Wybranie Maryi było słodką wonią pachnideł, ponieważ została wybrana jako pełna łaski, która miała się w niej wylać jako olejek rozlany, przenikający całą Jej istotę aż do najgłębszych włókien. Zanim Maryja przyszła na ziemię, kiedy Boski Król,
Syn Boży, był jeszcze w łonie Ojca i wybierał Ją na swoją Matkę przy wcieleniu, Ona już wówczas, wybrana jako pełna łask, rozlewała swoją niczym nard. Kiedy Słowo Boga Ją wybrało, oddało się Jej w samym swoim wyborze jako Jej Syn, woreczek mirry, jako Syn, który składa siebie w ofierze, i było bólem Jej serca w momencie składania ofiary.

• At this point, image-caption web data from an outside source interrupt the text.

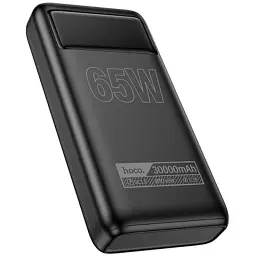 Батарея універсальна HOCO 30000mAh Apollo PD/65W QC/3.0 Black (DB81 / 714720) - мініатюра 4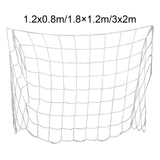 Maxbell Football Net Replace White Accessories Soccer Goal Net for Teens 1.2mx0.8m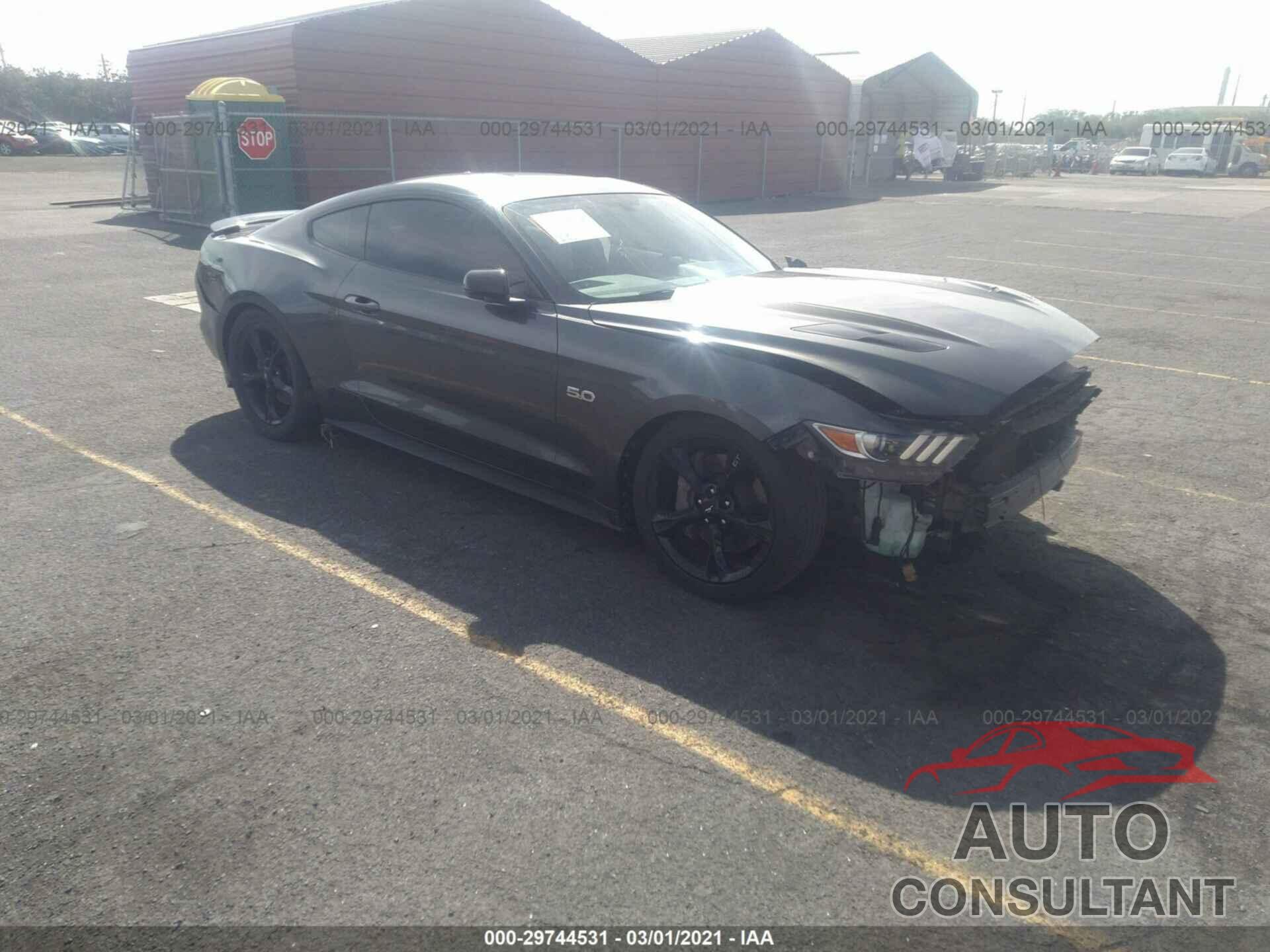 FORD MUSTANG 2016 - 1FA6P8CF3G5230803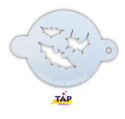 Picture of TAP 026 Face Painting Stencil - Bats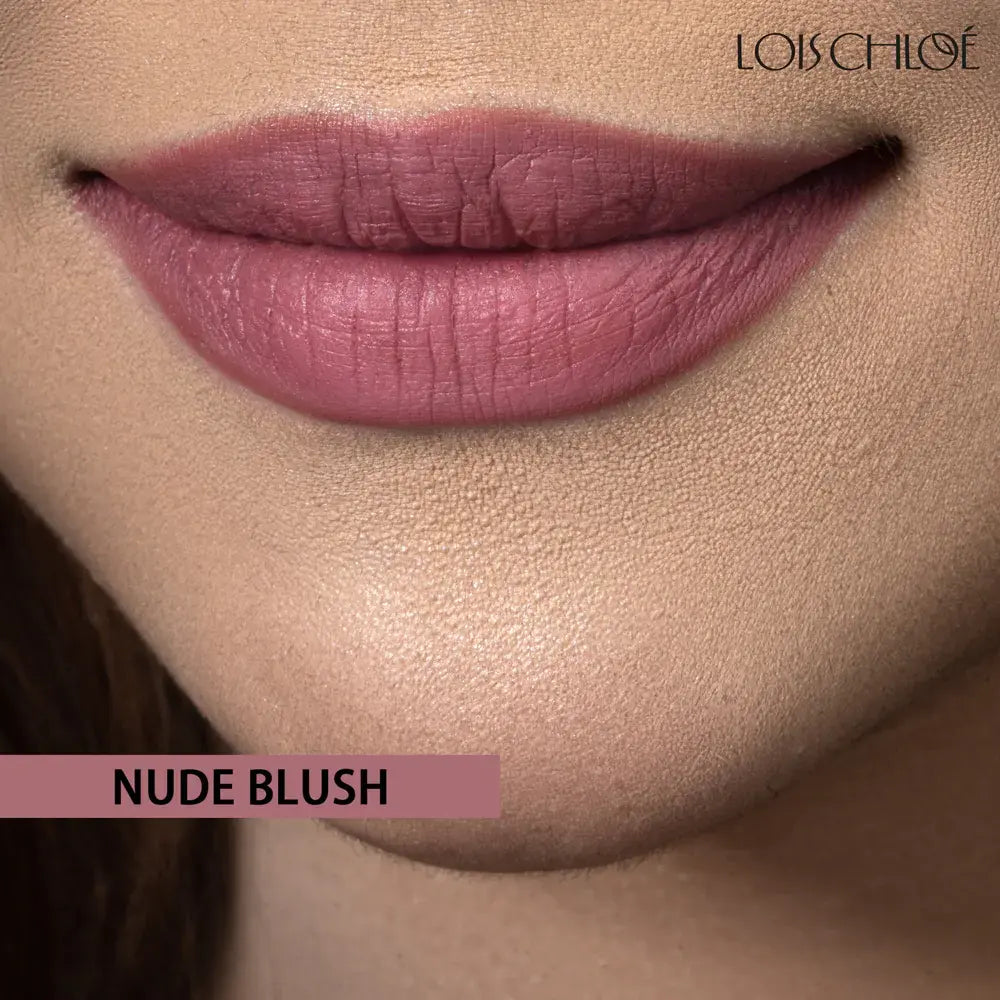 Nude Blush Bullet Matte Lipstick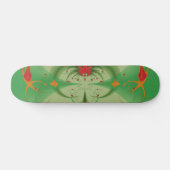 Skateboard Papillon de printemps (Horz)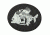 Maxpedition Piranha Bones Morale Patch,Glow PIRAZ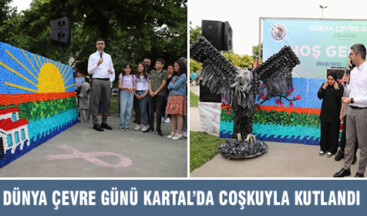 Kartal’da Dünya Çevre Günü coşkuyla kutlandı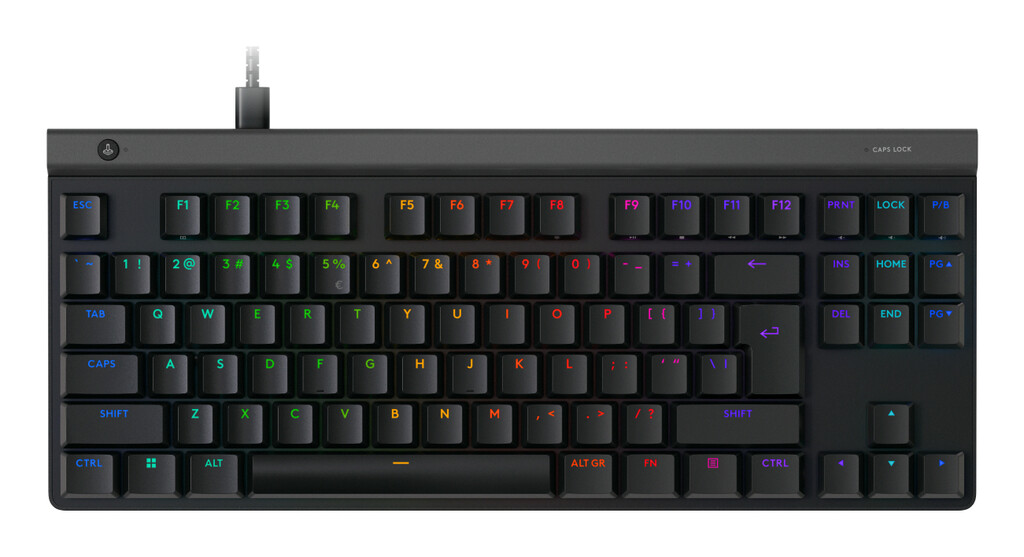 Logitech G G515 toetsenbord Gamen USB QWERTY US International Zwart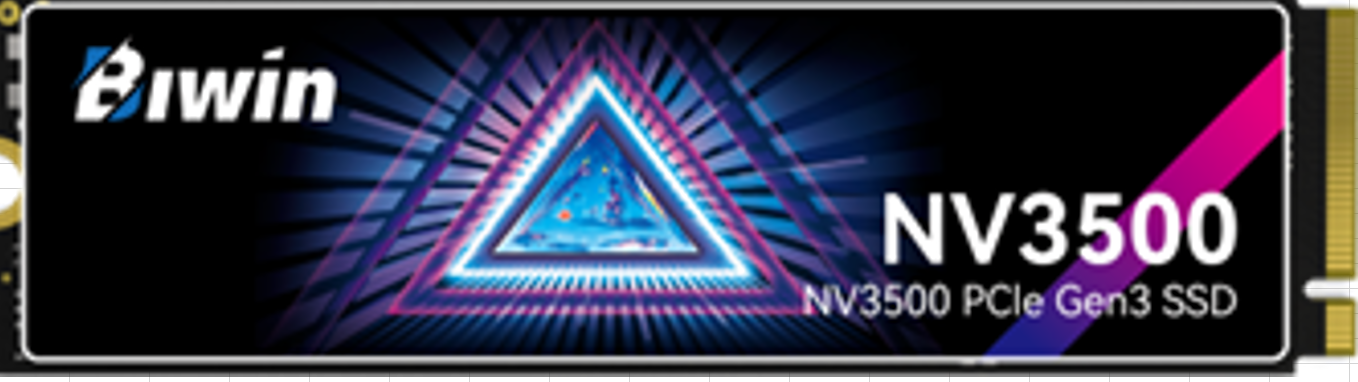 BIWIN Black Opal NV3500 1TB PCIe 3.0 NVMe M.2 2280 SSD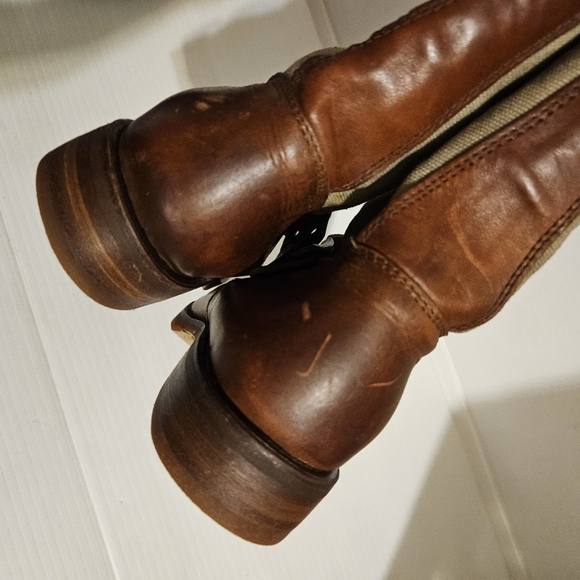 Frye Veronica canvas short boot Size: 8,5 - Picture 10 of 10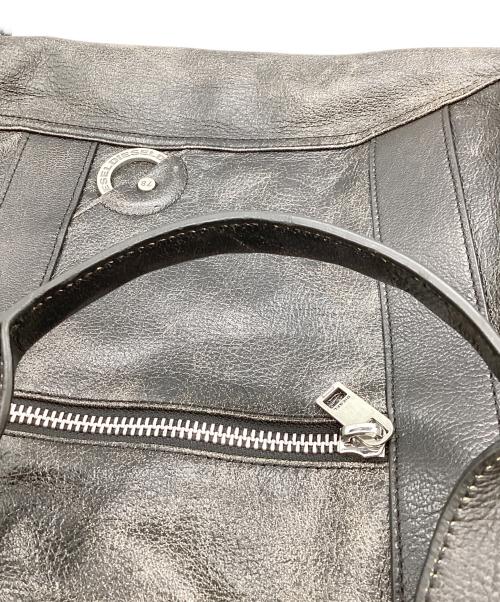DIESEL（ディーゼル）DIESEL (ディーゼル) レーザートートバッグ ブラックの古着・服飾アイテム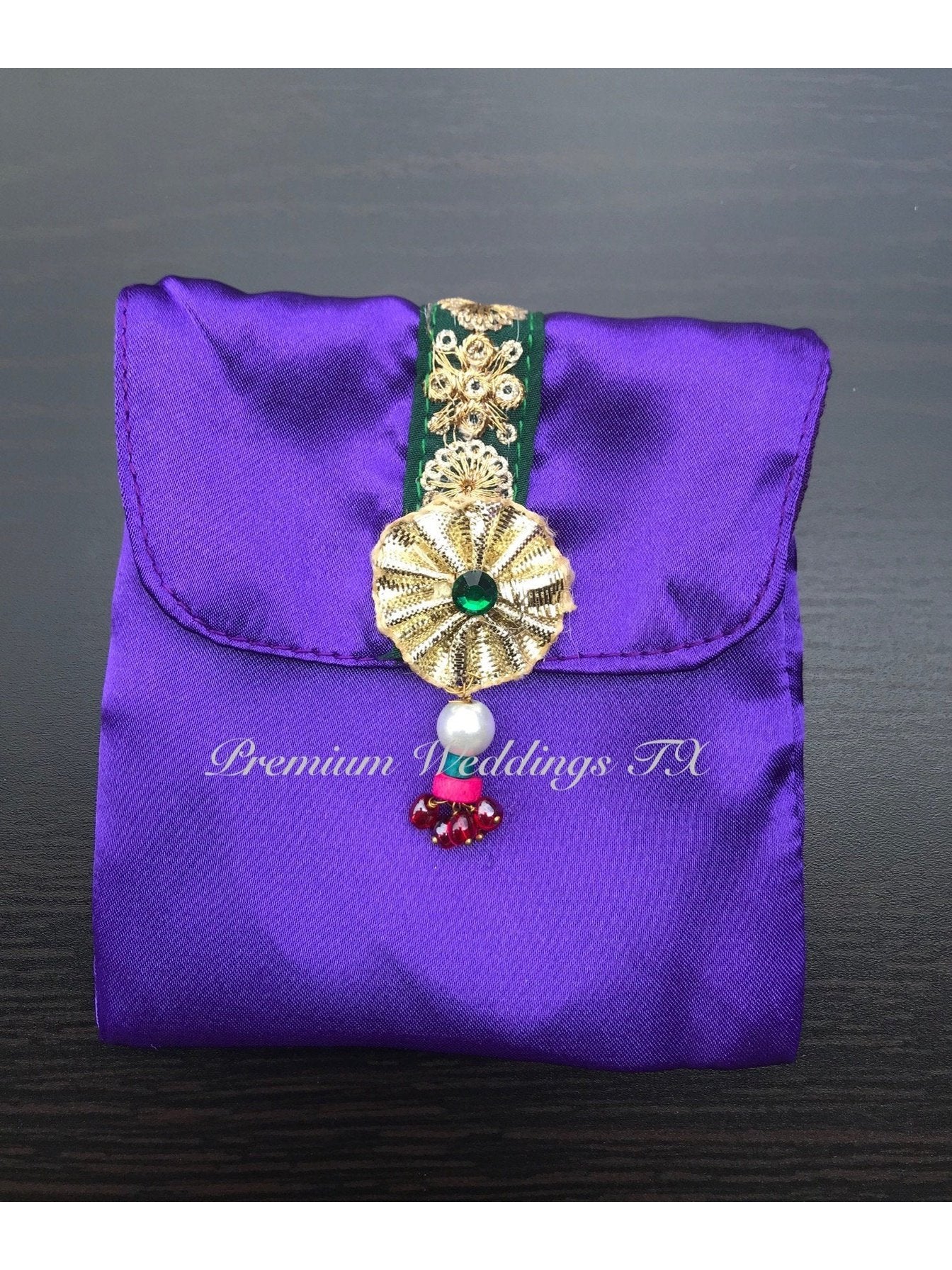 Assorted Color Gotta Favor Bags - Premium Weddings TX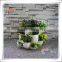 China Factory Decorative Flower Tower Planter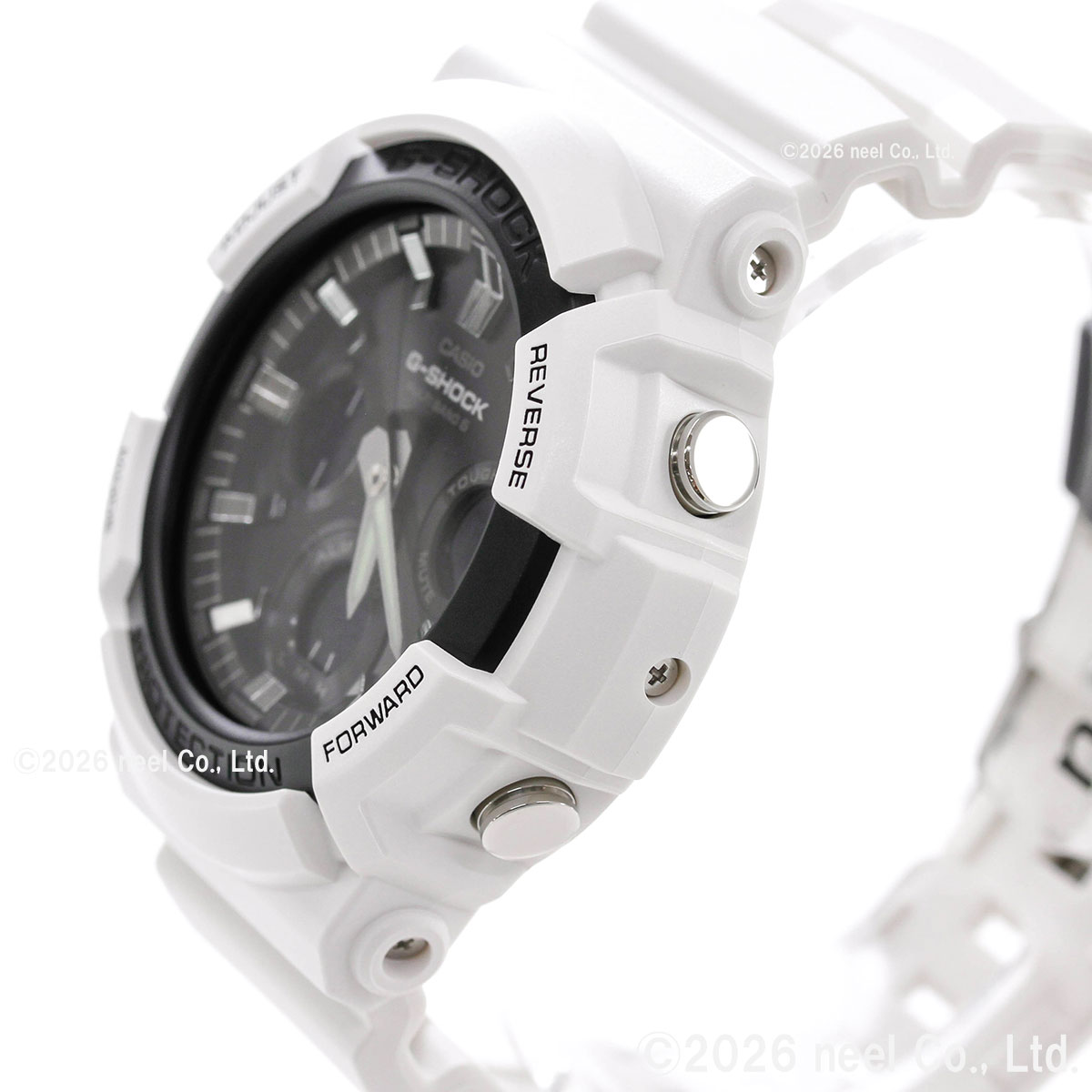 G-SHOCK Gショック 電波 ソーラー 腕時計 メンズ GAW-100B-7AJF : neel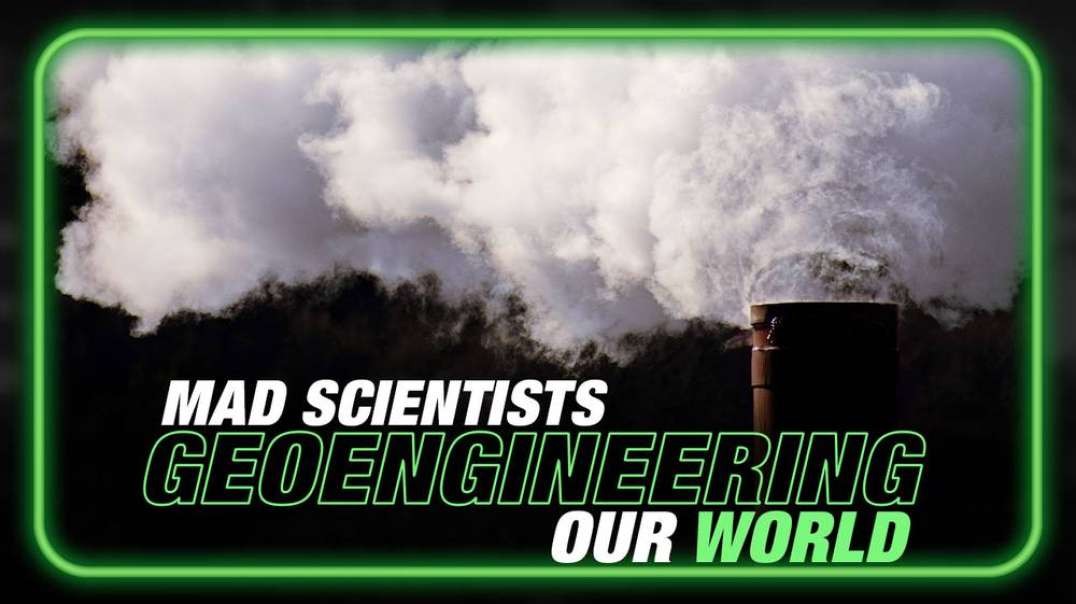 Mike Adams Exposes Mad Scientists Terraforming and Geoengineering our Atmosphere and World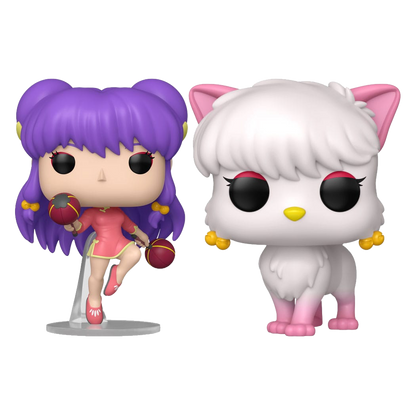 Ranma 1/2 POP! Animation Vinyl Figure Shampoo w/CH Assortment (6) - Funko Pop! Figures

Mirra była symbolem ofiary i śmierci, ponieważ kładziono ją przy zwłokach w czasie pochówku. Słowo Boga oddało się
Jej jak grono Cypru w winnicach Engaddi, oddało się Jej jako szczęście, ponieważ oddało się jako Jej jako Syn, uszczęśliwiają Ją jako Matkę, bo macierzyństwo jest szczęściem dla kobiety; oddało się Jej jak Syn, który zakwitł w niebie z wiecznego źródła Ojca i z takiej tajemnicy wiecznego szczęścia Boga, poznającego i nieskończenie się miłującego. Maryja wybrano
od wieczności jako Matka Słowa, które miało się wcielić w Niej, wybrana jako pełna łaski, niemal jak nard roztaczający
swą woń, była Matką i Dziewicą, i dlatego Duch Święty, który miał się stać Jej Oblubieńcem, nieskończona czystość miłości
i Bożej płodności macierzyństwa, nazywa Ją dwukrotnie piękną: O jak piękna jesteś, przyjaciółko moja, jak piękna, oczy twoja gołębice! Piękna ze wzrokiem skierowanym na Boga w prostocie swego oddania się Jemu: Ecce ancilla Domini.
(fragmenty z książki ks. Dolindo Ruotolo, Maryja Niepokalana Matka Boga i Matka nasza.)